Covid-19 Track & Trace Security Implications
There has been a lot written on the technical and security implications of the UK’s answer to a Covid-19 Track & Trace app. But are the creators missing the most important element of any development? If you’re not sure what it is, it’s most definitely human adoption.
Have you checked the settings on your phone recently? If not, take a look and search for COVID. You might be in for a surprise.
‘COVID-19 Exposure Notifications’, can you spot it?
This is worse than when Apple forced a U2 album on us, surely. It’s against everything we thought we knew about consent, interest and privacy. Just take a look at the Twitter reactions, we’re using some very strong language.
It’s bad on the surface but the Covid-19 Track & Trace app’s sole purpose is to save lives. Disturbing? Debatable. But the reaction is telling.
What you see in your settings shows a change at an operation system level to enable features to allow a tracing app to work in such a way that personal privacy is upheld. These are harmless updates that allow access to APIs at a lower OS level so that tracing can happen in a way that is the most privacy conscious way.
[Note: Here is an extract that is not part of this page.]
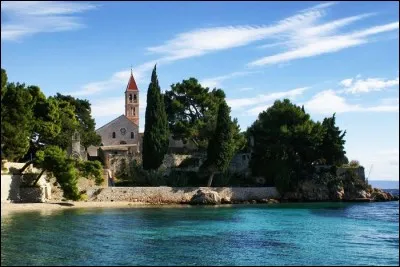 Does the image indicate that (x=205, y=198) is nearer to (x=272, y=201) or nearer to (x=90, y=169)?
(x=272, y=201)

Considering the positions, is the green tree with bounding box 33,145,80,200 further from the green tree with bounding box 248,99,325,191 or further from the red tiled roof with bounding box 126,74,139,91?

We should all know that they aren’t activated by default and only activate if a certified COVID tracing app is installed.
Most of us know the above is true. In principle, we know this app will help as our communities start to rebuild post-lockdown, but why is the app still failing in public confidence?
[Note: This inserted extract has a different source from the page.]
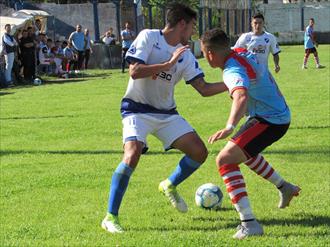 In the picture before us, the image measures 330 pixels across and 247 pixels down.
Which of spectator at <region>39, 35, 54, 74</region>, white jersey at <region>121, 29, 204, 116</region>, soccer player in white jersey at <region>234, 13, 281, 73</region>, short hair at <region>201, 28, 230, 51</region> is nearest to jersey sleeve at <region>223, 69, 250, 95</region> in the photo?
short hair at <region>201, 28, 230, 51</region>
The answer isn’t in the tech, the privacy or the security - it’s all about human adoption. Our human willingness to accept a view which is so different to what we think is right.
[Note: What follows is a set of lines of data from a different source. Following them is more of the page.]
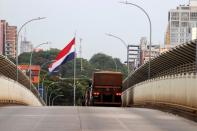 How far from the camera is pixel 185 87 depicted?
25.9 m

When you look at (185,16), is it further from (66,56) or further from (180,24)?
(66,56)

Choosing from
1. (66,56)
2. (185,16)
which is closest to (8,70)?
(66,56)

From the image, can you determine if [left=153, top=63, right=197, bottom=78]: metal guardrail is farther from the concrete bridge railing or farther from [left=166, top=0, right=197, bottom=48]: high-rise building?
[left=166, top=0, right=197, bottom=48]: high-rise building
The psychology behind adoption
We humans have a powerful and very complex thing at our disposal, our brain. When a decision is made, it doesn’t like to be told that it is wrong.
The second we see a new feature on our phones and we believe it to contravene our privacy and rights, we instantly reject it.
It doesn’t matter how forcefully we are told, or how much factual evidence is at our fingertips to support a different perspective, for the most part all that is useless. Our minds have been made up. In fact, the more we are pushed that we are wrong, the further our minds push back. Emotions and the ego are powerful forces.
None of these technical solutions will work unless you get people’s buy-in and the buy-in can’t be forced. You have to win hearts and minds before you force technology upon them.
I can’t think of a time when forcing technology onto people has ever really worked.
The future of Track & Trace
Everything could have been so different for Track & Trace if the government had approached it in a way which engaged the public with how the app worked before they pushed changes on to them. Getting that trust back to make a success of this will be so much harder now. There has been some measured success in the Isle of Wight trials and continuing this success is undoubtedly what is needed to get the country moving again.
Applying a little humility here will go a long way. Maybe we should take a leaf out of Jacinda Ahern’s book rather than the Cummings playbook and simply apologise. This isn’t just a problem for politicians, Silicon Valley does it too. Both of these powerful forces seem to have the same track record for blithering myopia.
Once the apology has been made, then move on to education. People need to be educated so that they understand what and why and start doing. Then ask for some small buy in. Something easy for people to opt-in to. This will engender more of an incentive to act when needed. They have already said yes once, they are more likely to commit to something more demanding now. They aren’t being forced or threatened.
Without the masses on board - the whole concept of a tracing app is completely redundant and a waste of time and effort.
How would Razor approach it?
We know how hard it is to create an app that uses bluetooth to constantly monitor the environment on iOS - it’s designed to prevent you from doing it. The first attempts from our government were doomed from the outset. It appeared to be a set of naive approaches. You can’t fight the tide, you won’t win and in the mobile OS world - it is the same. They needed the buy in from the platform custodians to make changes as they have for it to work.
What can we learn from this?
Although for the most part the reaction to the app has been hostile, it is a good thing that the public have woken up to their digital presence. For far too long there has been a monumental misunderstanding of what is going on in the digital space.
As a country we should also look at what we’ve failed to do which other countries have succeeded in. Our government and Matt Hancock used the phrase ‘world beating’ when talking about the app. But it’s only world beating if it’s the first.
Speed here is key. Germany and South Korea have been able to get lower numbers, quicker using traditional human based, low-tech track & trace systems.
This app and any new technology adoption can work on this scale if it can gain the trust of the masses. Technology should serve us. We don’t have to build a true relationship with it but we need to have trust that the people and organisations that are running it are doing things with our best intentions in mind.